Résumé de La machine à explorer le temps

Le protagoniste et son invention
La Machine à explorer le temps adopte un récit-cadre : des invités écoutent un savant anonyme expliquer que le temps constitue une quatrième dimension, puis raconter son expérience. Après avoir fait disparaître un petit modèle devant eux, il achève une machine grandeur nature et se projette jusqu’en l’an 802 701.
Il y rencontre les Éloïs, peuple de surface doux mais apathique, et se lie à Weena après l’avoir sauvée de la noyade. Sa machine disparaît derrière les portes du Sphinx blanc.
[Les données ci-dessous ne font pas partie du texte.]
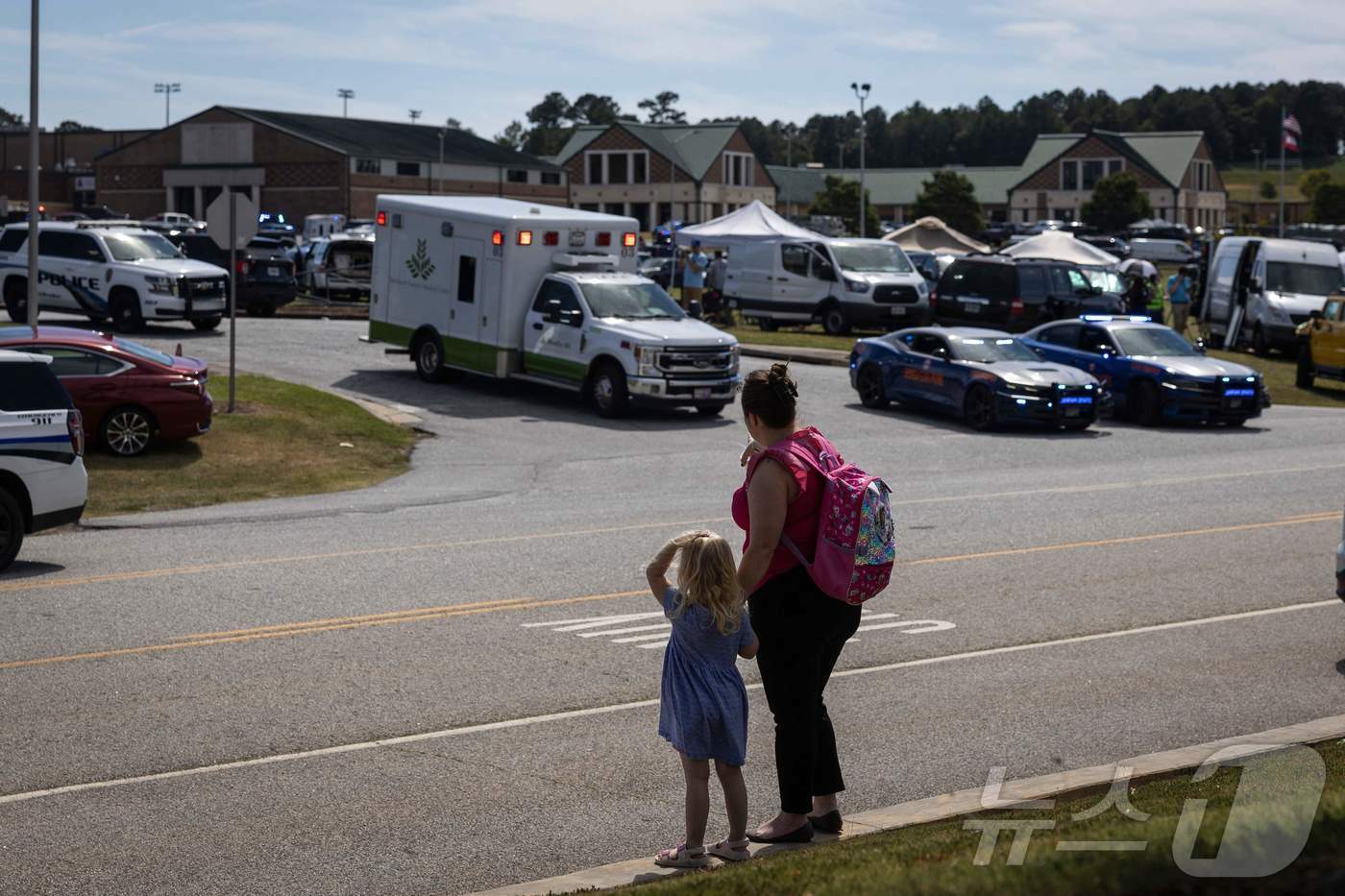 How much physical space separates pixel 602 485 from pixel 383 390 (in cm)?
930

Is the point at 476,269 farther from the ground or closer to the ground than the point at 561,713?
farther from the ground

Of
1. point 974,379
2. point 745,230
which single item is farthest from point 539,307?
point 745,230

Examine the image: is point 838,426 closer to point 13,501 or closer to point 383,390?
point 383,390

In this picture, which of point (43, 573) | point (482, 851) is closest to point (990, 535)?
point (43, 573)

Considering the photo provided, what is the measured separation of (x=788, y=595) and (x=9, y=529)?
8543 millimetres

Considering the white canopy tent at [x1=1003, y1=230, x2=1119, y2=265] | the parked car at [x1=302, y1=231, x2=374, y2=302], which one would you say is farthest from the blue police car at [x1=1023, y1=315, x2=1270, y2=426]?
the white canopy tent at [x1=1003, y1=230, x2=1119, y2=265]

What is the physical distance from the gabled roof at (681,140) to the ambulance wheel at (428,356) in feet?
266

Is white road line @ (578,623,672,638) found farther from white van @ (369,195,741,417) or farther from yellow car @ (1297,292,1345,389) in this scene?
yellow car @ (1297,292,1345,389)

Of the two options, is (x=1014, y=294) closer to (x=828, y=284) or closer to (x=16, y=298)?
(x=828, y=284)

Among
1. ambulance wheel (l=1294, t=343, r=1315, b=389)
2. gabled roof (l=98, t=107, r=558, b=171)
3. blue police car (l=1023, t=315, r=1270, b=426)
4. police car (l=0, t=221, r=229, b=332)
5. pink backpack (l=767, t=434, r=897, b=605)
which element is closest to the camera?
pink backpack (l=767, t=434, r=897, b=605)

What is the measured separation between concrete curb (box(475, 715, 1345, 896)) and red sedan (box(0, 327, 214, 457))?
14.4 metres

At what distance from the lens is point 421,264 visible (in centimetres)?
2814

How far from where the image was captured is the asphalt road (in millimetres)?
6922

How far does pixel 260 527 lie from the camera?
612 inches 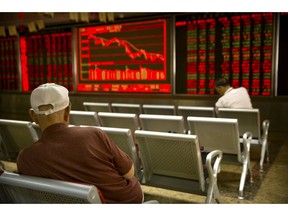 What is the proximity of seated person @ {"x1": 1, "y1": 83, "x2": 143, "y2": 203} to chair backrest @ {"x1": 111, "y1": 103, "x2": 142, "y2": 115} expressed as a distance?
296 cm

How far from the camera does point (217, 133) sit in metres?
2.92

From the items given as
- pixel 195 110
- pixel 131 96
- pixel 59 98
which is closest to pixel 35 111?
pixel 59 98

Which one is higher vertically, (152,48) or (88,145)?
(152,48)

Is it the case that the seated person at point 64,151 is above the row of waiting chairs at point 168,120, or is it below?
above

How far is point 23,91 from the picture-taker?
901 centimetres

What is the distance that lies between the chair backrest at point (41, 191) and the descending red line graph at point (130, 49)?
18.5 ft

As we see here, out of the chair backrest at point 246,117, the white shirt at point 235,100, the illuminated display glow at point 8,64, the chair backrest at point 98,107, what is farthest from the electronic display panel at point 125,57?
the chair backrest at point 246,117

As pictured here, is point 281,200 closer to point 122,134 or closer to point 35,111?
point 122,134

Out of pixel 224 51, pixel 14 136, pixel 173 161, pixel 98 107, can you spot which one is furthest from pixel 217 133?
pixel 224 51

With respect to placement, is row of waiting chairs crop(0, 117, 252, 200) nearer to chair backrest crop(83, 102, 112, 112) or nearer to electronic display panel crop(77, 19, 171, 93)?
chair backrest crop(83, 102, 112, 112)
En cherchant à la récupérer, il découvre les Morlocks, habitants nocturnes du sous-sol qui entretiennent encore des machines et se nourrissent des Éloïs.
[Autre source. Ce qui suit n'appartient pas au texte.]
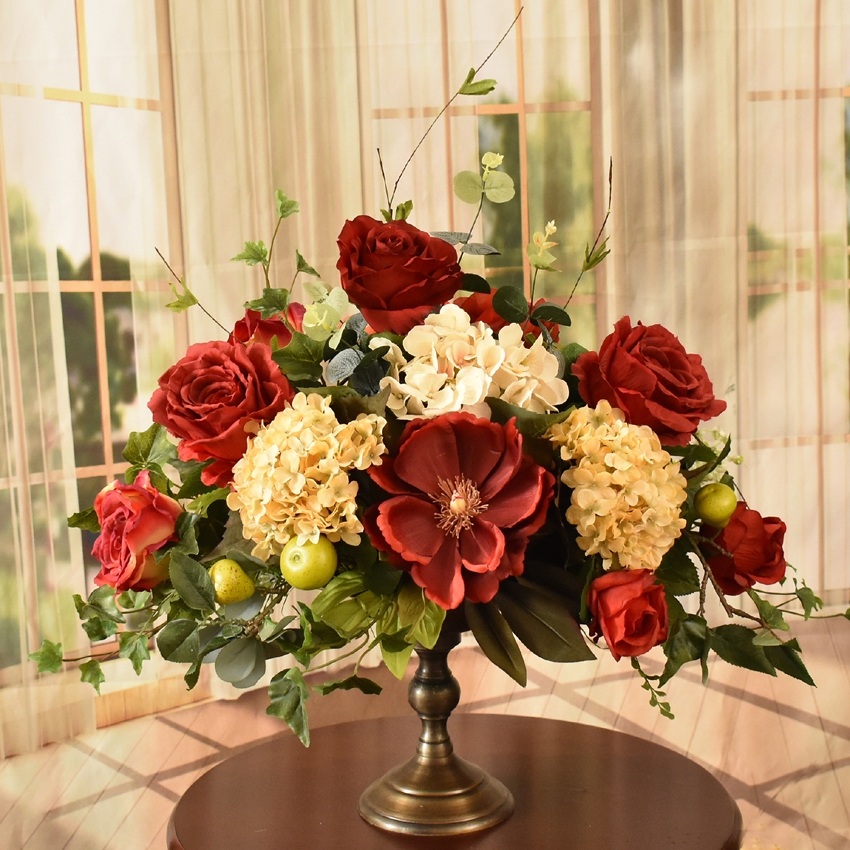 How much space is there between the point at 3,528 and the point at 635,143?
7.11 ft

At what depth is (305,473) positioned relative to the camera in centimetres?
83

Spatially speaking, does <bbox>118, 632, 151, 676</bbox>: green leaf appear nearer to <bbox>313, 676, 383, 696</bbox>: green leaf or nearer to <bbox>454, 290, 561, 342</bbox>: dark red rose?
<bbox>313, 676, 383, 696</bbox>: green leaf

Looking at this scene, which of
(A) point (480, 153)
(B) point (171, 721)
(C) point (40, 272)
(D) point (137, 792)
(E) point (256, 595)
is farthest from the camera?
(A) point (480, 153)

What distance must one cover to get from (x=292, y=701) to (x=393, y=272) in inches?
15.0

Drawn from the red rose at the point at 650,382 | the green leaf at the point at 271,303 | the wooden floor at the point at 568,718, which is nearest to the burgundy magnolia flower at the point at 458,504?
the red rose at the point at 650,382

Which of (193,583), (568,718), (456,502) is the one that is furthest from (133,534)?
(568,718)

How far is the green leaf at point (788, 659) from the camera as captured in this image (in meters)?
0.89

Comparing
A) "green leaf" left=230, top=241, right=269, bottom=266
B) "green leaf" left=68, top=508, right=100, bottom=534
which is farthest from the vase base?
"green leaf" left=230, top=241, right=269, bottom=266

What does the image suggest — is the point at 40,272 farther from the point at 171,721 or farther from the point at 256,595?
the point at 256,595

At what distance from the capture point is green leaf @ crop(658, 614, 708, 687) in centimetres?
89

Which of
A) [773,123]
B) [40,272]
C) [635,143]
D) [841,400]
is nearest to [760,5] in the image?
[773,123]

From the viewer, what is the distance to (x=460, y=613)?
0.95m

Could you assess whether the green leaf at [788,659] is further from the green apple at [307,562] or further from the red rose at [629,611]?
the green apple at [307,562]

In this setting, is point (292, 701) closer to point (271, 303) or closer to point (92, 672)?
point (92, 672)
Qui est Alexander Hartdegen ?
Alexander Hartdegen n’existe pas dans le roman. C’est le protagoniste du film américain de 2002 réalisé par Simon Wells : un inventeur new-yorkais de l’ époque victorienne qui construit sa machine après une tragédie personnelle. Guy Pearce interprète cette variation libre du Voyageur anonyme. Il faut donc éviter d’utiliser le nom Hartdegen pour résumer le livre.
Le voyage à travers le temps

Le Voyageur explore les puits et les galeries des Morlocks, puis gagne avec Weena le Palais de Porcelaine verte, musée en ruine où il trouve des allumettes et une barre de fer. Sur le chemin du retour, un incendie de forêt disperse les Morlocks ; Weena disparaît dans le chaos.
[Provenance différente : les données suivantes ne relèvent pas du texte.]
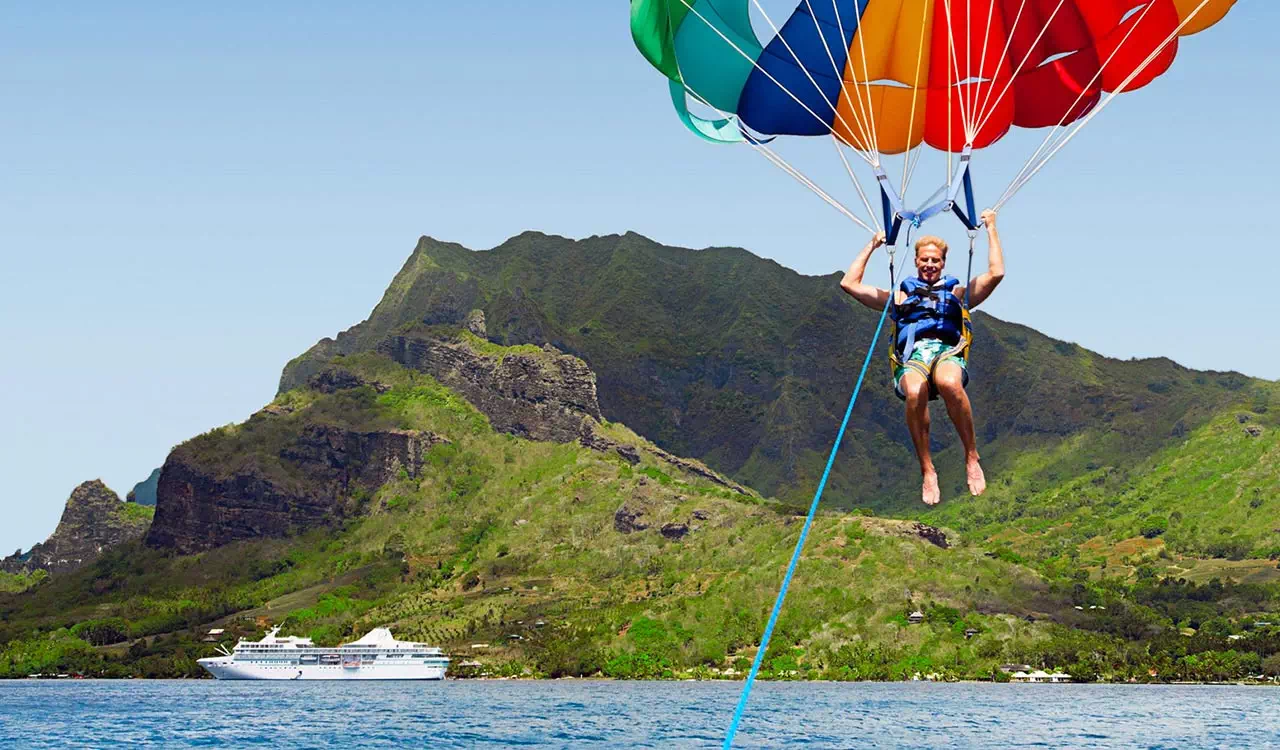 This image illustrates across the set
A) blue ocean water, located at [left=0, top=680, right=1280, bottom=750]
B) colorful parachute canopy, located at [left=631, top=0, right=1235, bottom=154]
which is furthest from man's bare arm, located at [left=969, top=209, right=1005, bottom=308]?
blue ocean water, located at [left=0, top=680, right=1280, bottom=750]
Les Morlocks replacent la machine dans le piédestal du Sphinx blanc pour attirer le Voyageur. Il déjoue le piège, récupère les leviers et repart. Au lieu de rentrer aussitôt, il avance encore dans le futur et découvre une plage sous un soleil rouge, des créatures semblables à des crabes et une Terre mourante.
De retour à son époque, il raconte son voyage à des invités sceptiques. Deux fleurs blanches données par Weena constituent le seul indice matériel de son aventure. Le lendemain, il repart avec un appareil photographique et ne revient pas : le narrateur demeure dans l’attente.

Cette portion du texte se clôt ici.